Update Thursday, Jan. 4:
For decades, 911 centers across the country have relied on now outdated practices to receive and dispatch calls. Recently, many have begun upgrading to newer systems - called Next Generation 9-1-1.
It's something industry experts hope can help detect swatting calls, a growing problem nationwide.
For dispatchers across the country, swatting is nothing new.
"Swatting is a persistent problem that we've been dealing with for a number of years now." says Trey Forgety, with the National Emergency Numbers Association (NENA). "For example, in 2015 in the state of New Jersey alone they reported more than 200 swatting incidents."

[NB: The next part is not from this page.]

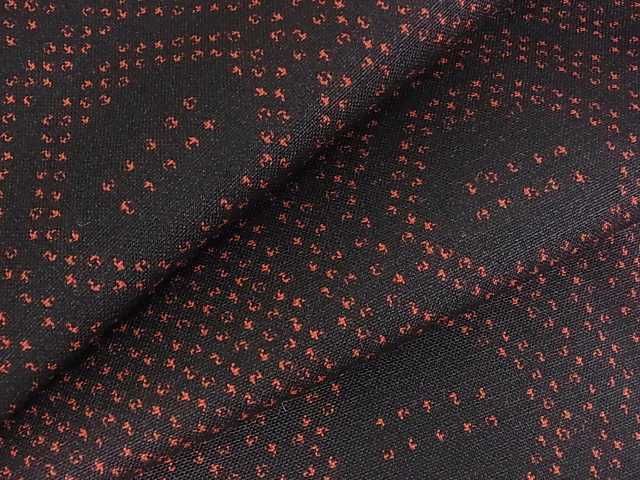 平和屋着物■上質な紬 吉祥文 逸品 ar3477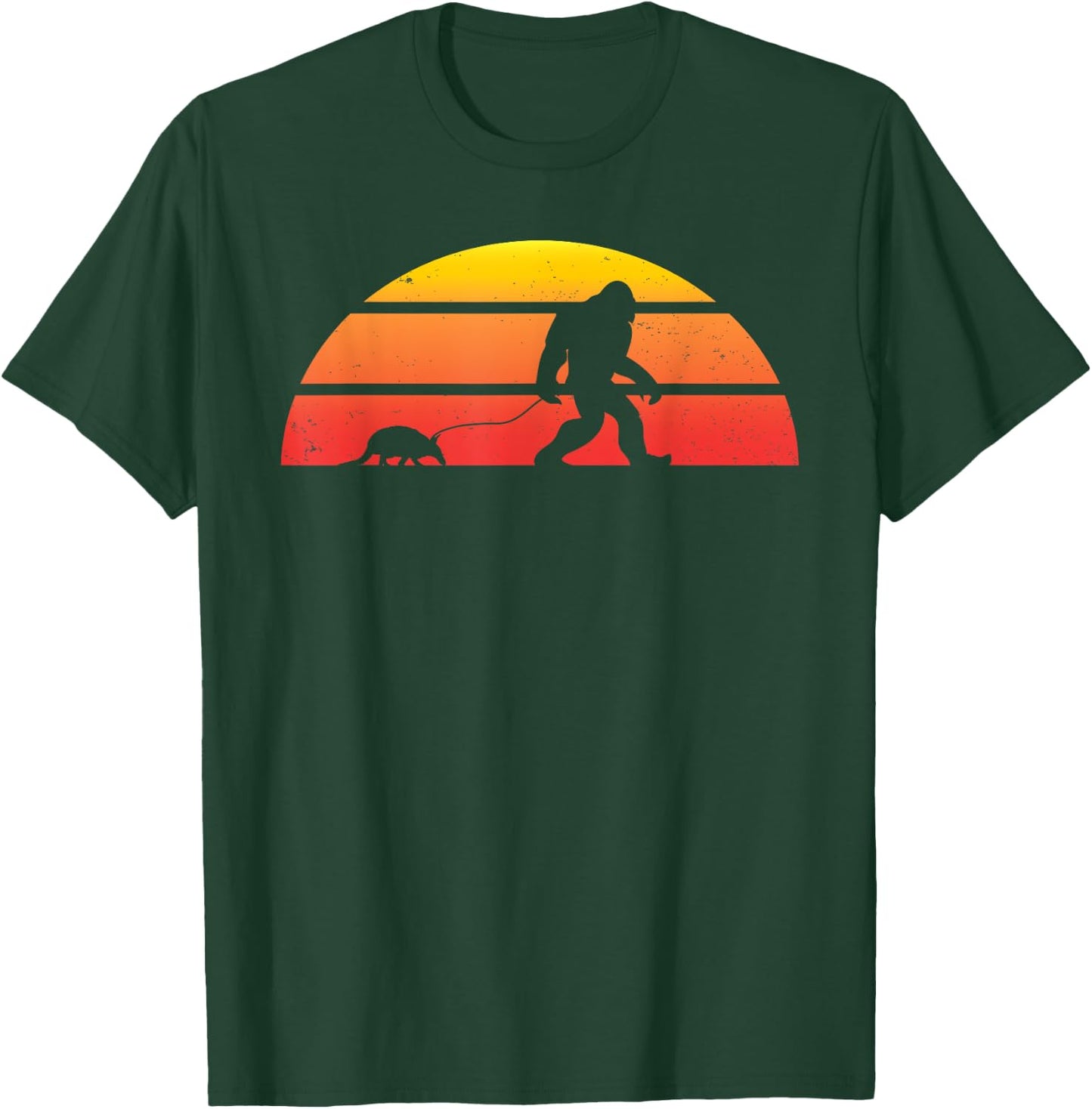 Bigfoot Armadillo Animal Outfit Sasquatch Gift Armadillo T-Shirt - T-Shirt | Forest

NENA is an organization that specializes in 9-1-1 policy and technology, and it's been working with 9-1-1 centers nationwide to help put an end to swatting.
Part of that solution means looking towards new technology that may be able to help dispatchers identify fake calls. They hope to achieve this with a system called Next Generation 9-1-1.
"The technology that was put in place in 1968 has evolved very slowly." says John Chiaramonte with Mission Critical Partners, a professional consulting firm that deals with 9-1-1 agencies at all levels of government.
"Next Generation 9-1-1 is that evolution, or transformation of today's 9-1-1 to an IP based technology - where we use networks and advanced technologies to share 9-1-1 information from the caller to the most appropriate 9-1-1 center in the community," he says.
The system is already in place in many 9-1-1 centers nationwide - including in Sedgwick County, but they're still working to implement new technologies that can allow dispatchers to help recognize fake calls.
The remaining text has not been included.